Jordan Rohan, an equity analyst at Wit SoundView, said the effects of declining advertising will not crest until the third quarter, which is traditionally the slowest for revenue because of the summer season.

"The key take-away, in our view, is that the third quarter will likely be a challenging one for online advertising networks and could be challenging for the largest players such as (America Online) and Yahoo as well," Rohan wrote in an analyst note earlier this week.

Not all portals agree with that characterization. Although they acknowledge that they are seeing new types of deals, the leading portals say their prime real estate remains a required buy, especially because so many companies must do whatever they can to survive the Internet shakeout.

AOL, for instance, is willing to negotiate different kinds of ad deals but still wields enormous clout with 23 million paying members--or potential online retail customers, depending on how they're viewed.

Portal addiction Moreover, if recent advertising projections are any guide, major portals don't have to worry about giving away the store anytime soon. Despite the consolidation among Internet companies, 55 percent of all online ad impressions show up on Web portals, according to a recent study conducted by AdRelevance, an online advertising research company owned by Media Metrix. Adding categories with such labels as "community" and "search sites" brings that total to 80 percent.

In addition, the largest sites are taking an even bigger slice of the pie. In the fourth quarter of 1999, the top 10 Web publishers received 70 percent of all Internet ads, according to the Internet Advertising Bureau. According to Forrester Research, more money flows to sites such as AOL, Yahoo and Microsoft's MSN--the portal leaders--leaving others such as Lycos, Excite@Home, AltaVista and Go.com in a second tier.

"Sites are lucky to sell a quarter of their inventory month to month," said Patrick Keane, an analyst at Jupiter Communications. "When you have that reality, rates are really low and a buyer can come to a publisher and say, 'Hey, this is what I want.'"

Opting for co-branding
In some instances, portals and other Web sites will offer their technology or services to produce co-branded offerings. Yahoo, for example, has been touting its "fusion marketing" strategy targeting offline companies to get them to advertise as part of an interactive marketing campaign.

"They're becoming more flexible," said an agent from a major advertising firm in reference to Yahoo. "They have been trying to work better with agencies."

In March, Yahoo and Pepsico unveiled a deal to develop a promotional Web site dubbed PepsiStuff.com.
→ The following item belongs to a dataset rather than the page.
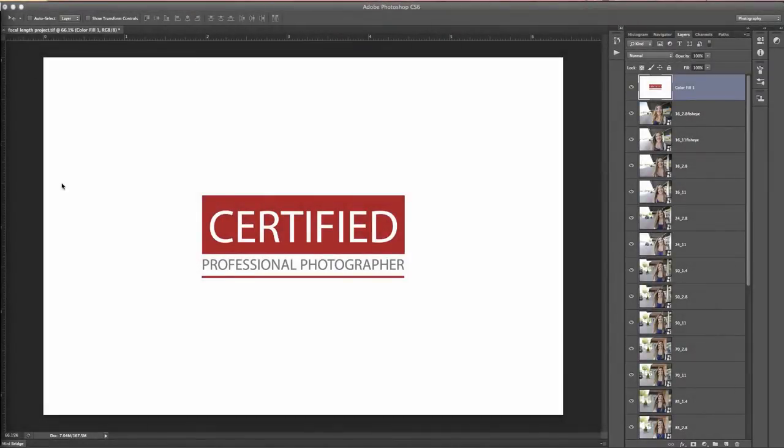Welcome back. Now we are in Photoshop, and we're going to be showing you all the different photos that we took of Allie, going through the different focal lengths, what the different f-stops did, how those two correlate, and what they affect with each other.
Participants in the promotion, scheduled to launch in August, can collect points under bottle caps of Pepsi's line of drinks. People can then redeem the points for merchandise on the PepsiStuff.com site.

"Because of the nature of our platform and because of the unique attributes of Web, it allows the marketer to reach any targeted audience," said Murray Gaylord, director of fusion marketing at Yahoo.
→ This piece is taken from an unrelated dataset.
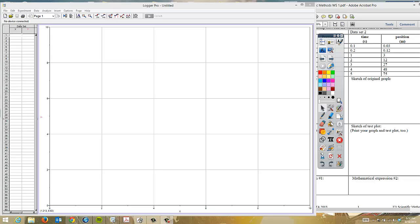This is the second data set and we're going to linearize a quadratic relationship this time. But before we begin, we need to go ahead and set everything into our Logger Pro program.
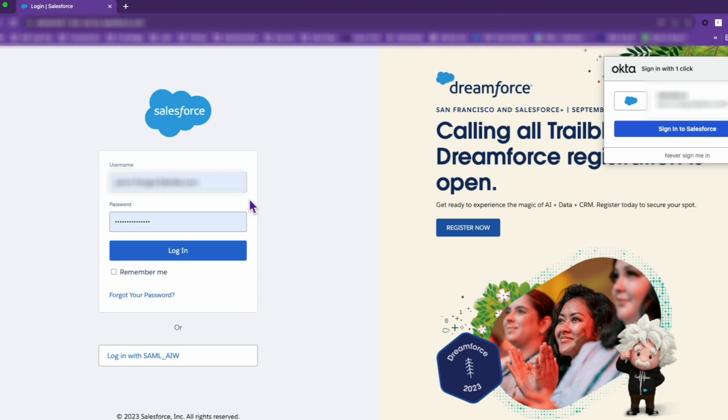So if you're looking to bolster your Salesforce security by enforcing single sign-on, you're in the right place. But first, a quick background.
That's good news, considering that advertisers are looking for more specific groups of people who might buy their products.
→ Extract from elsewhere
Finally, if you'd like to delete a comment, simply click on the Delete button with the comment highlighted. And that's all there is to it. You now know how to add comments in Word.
"In the beginning, the first pass was how do we create banners, how do we contact consumers?" said one media buyer for a major consumer products company. "Now it is about how do we find the consumer in the right mindset...In doing that, we've shifted our thought more into integration with sites."

Such changes underscore a growing skepticism over how best to reach customers, even as online advertising continues to boom. Net advertising is expected to reach $11.5 billion in 2003, up from $4.6 billion last year, according to market researcher Jupiter Communications.

"Portal deals can be effective, but they're not effective just by sticking a bunch of banners on the front page," said a media buyer at a consumer product company. "I think a billboard in New York City is much more effective than sticking a banner in front of a portal."